La Naturalis historia è il prodotto più compiuto di questa tendenza, frutto di un progetto di conservazione integrale dello scibile umano (i precedenti, Varrone, Celso, Vitruvio, Mela e Columella, non hanno una simile ambizione di completezza).

La sezione sulla cosmologia (libro 2°) rivela l’orientamento filosofico di Plinio, quello stoicismo "di mezzo" tipico della classe dirigente dell'epoca, anche se sarebbe più corretta una collocazione di tipo eclettico, per la presenza di divagazioni magico-astrologiche di derivazione orientale.

Pur nella sostanziale mancanza di rigore metodologico dell’opera, che, come si è detto, non discerne le informazioni scientificamente fondate da quelle prive di attendibilità, e pur con il limite evidente dell'autore, costituito dal fatto di essere un semplice compilatore di nozioni e teorie altrui, si apprezzano in Plinio la serietà morale ed il sincero altruismo che ispira il suo gigantesco sforzo di trasmissione del sapere: davvero in lui è particolarmente evidente quello "spirito di servizio" che è riconosciuto dai più come un segno dei tempi.

 

 

Lo stile: È il punto debole della Naturalis historia: la maggior parte dei critici lo giudica insopportabilmente sciatto, tanto che Plinio il Vecchio risulta essere, a detta di molti, il peggior scrittore latino. La disarticolazione delle strutture sintattiche caratteristica dell’età neroniana e flavia diventa in Plinio caotico disordine. Per certi versi questo è comprensibile, se si pensa alla vastità del progetto (è l'opinione del Conte): e tuttavia Plinio dimostra episodicamente ottime capacità retoriche. Forse la spiegazione del fenomeno va ricercata nella destinazione dell’opera, concepita per la consultazione, e non per essere apprezzata come testo letterario.

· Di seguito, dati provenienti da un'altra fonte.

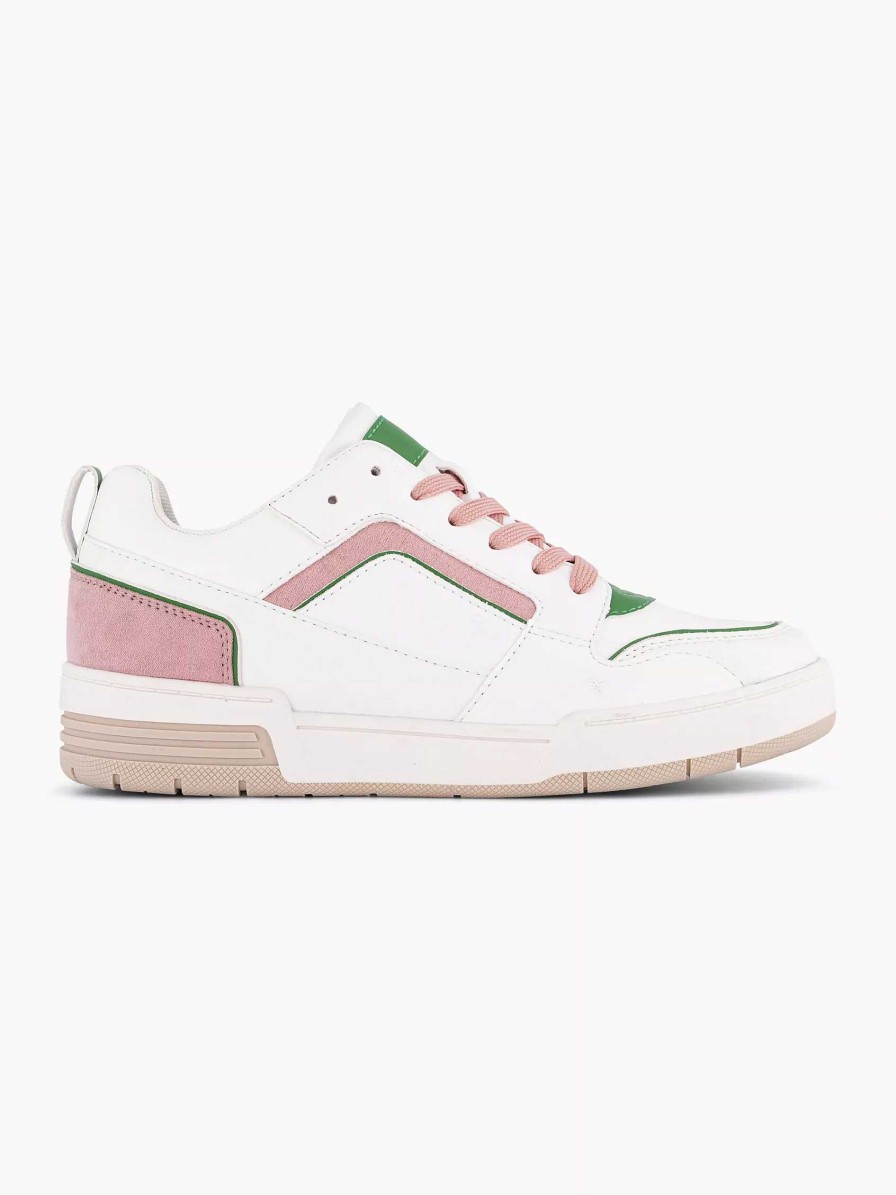 Oxmox Weiser Retro-Sneaker In Rosa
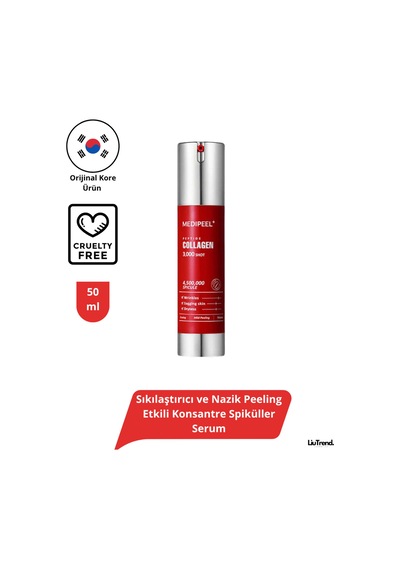 Medipeel Red Lacto Collagen 3000 Shot Serum 50 Ml Sıkılaştırıcı Ve Peeling Etkili Konsantre Spiküller Serum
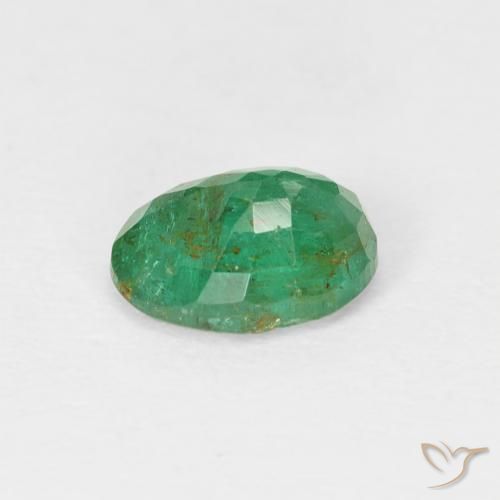 Esmeralda Verde médio Natural 0.83ct, oval, SI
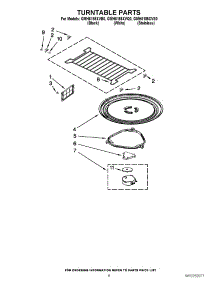 05 - Turntable Parts parts for Whirlpool Microwave GMH6185XVB0 from AppliancePartsPros.com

La fortuna: L'opera di Plinio conobbe una duplice tradizione:

sotto forma di compendio, antologizzata e ridotta (celebre nel Medioevo la Medicina Plinii);

come opera integrale, molto apprezzata nel Medioevo, che considera Plinio una vera e propria autorità del sapere universale.

Nel periodo dal ’300 al ’500 essa viene sottoposta al vaglio filologico degli Umanisti, e la considerazione nei suoi confronti cambia: sebbene infatti molti degli errori contenuti nell'opera di Plinio siano attribuiti ai copisti medievali, tuttavia l'inesattezza delle notizie riportate ne fa vacillare l'autorità scientifica.
Oggi alla Naturalis historia è riconosciuto il valore di un preziosissimo documento storico-culturale, mentre nessuno più ricerca in essa una antistorica attendibilità scientifica.